▶ **PROMPT**:
In the data below, find the line with "Hydro Flask Standard" and the line with "Moisés Fuentes, paralímpico", then restate both and every line between them exactly, minus the pictures.

▶ **PROVIDED MATERIAL**:
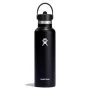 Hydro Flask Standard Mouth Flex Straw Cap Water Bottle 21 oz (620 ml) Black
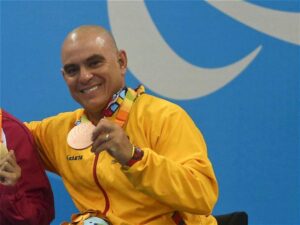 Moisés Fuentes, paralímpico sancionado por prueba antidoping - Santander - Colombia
---
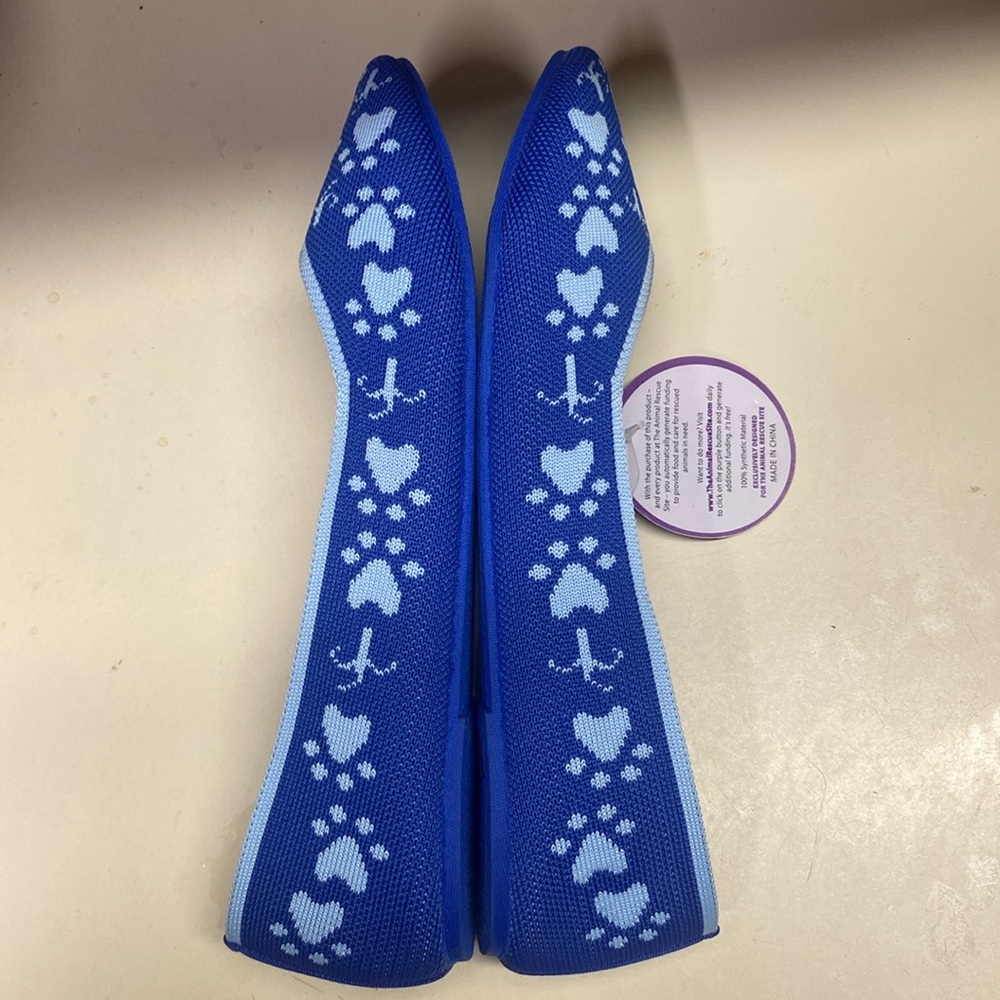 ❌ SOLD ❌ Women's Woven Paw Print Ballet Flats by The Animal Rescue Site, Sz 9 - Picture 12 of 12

▶ **SOLUTION TO THIS TASK**:
 Hydro Flask Standard Mouth Flex Straw Cap Water Bottle 21 oz (620 ml) Black
 Moisés Fuentes, paralímpico sancionado por prueba antidoping - Santander - Colombia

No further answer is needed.